Nada más bajar del tren fue un estallido de felicidad. Marco, chileno cosmopolita que residía en Ourense, fue a recibirme a la estación. Junto a él estaba Flavia, otra amiga chilena llegada de Canadá que viajaba por esas fechas. Dejamos el equipaje en el departamento, incluyendo una botella de pisco y unas negritas que llevé de regalo y nos fuimos a dar una vuelta por esa pequeña ciudad gallega. Dejamos atrás la zona residencial y pisamos una calle de adoquines hasta vislumbrar la fascinante catedral del siglo XII que está en medio de la ciudad vieja. Comimos pulpo a las brasas y brindamos por nuestros viajes personales y colectivos.
Al regresar de los brindis, nos hicimos fotos en el ascensor y planificamos nuestros próximos días, incluyendo las horas en que todos debíamos trabajar, por lo que montamos una especie de co-work en la pieza donde Marco tenía su escritorio. Programamos nuestras videollamadas para no molestarnos y nos divertimos con la locura de estar trabajando a distancia.
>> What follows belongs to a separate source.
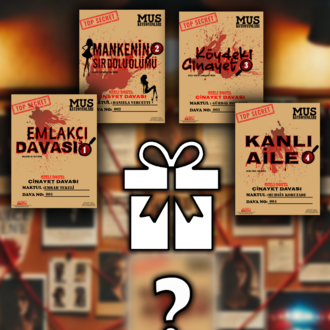 4 FARKLI DAVA TEK PAKET HEDİYELİ ÜRÜN KATİL KİM DEDEKTİF OYUNU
Para Marco trabajar para clientes al otro lado del Pacífico no es novedad. Lleva un par de años colaborando con una agencia audiovisual de Canadá, donde vivió más de una década. Su sueño era vivir en Europa y llegó a Galicia por la cercanía con sus parientes y porque Berlín se había vuelto algo hostil para los freelancers luego de las primeras olas de Covid, especialmente si no tenías un seguro médico estatal.
Ourense es la una de las ciudades españolas con la edad media más alta de toda España (49,2 años) y una de las más longevas, además de tener uno de los ingresos promedio más altos. Es una ciudad tranquila con rentas más que razonables, donde no es necesario sacarse la lotería para encontrar un buen apartamento. Además, es famosa por sus aguas termales y un puente romano que data del siglo I. Por supuesto, uno de los primero planes fue ir a recorrer el milenario puente, así como quemarnos las manos con el agua de Las Burgas. También pasamos una mañana en las termas cercanas, donde la policía de las chanclas nos persiguió y obligó a pagar unos euros para arrendar sandalias, en vez de transitar descalzos por las piscinas.
Algunos días cocinamos en casa y trabajamos hasta pasada la medianoche para coincidir con los horarios de Canadá y Chile. De alguna forma, nos guardamos el cansancio y lo encerramos a punta de risas y paseos, evitando las horas de mayor calor en el “horno de Galicia”. Comenzar el viaje sintiéndome como en casa fue un excelente augurio de lo que estaba por venir.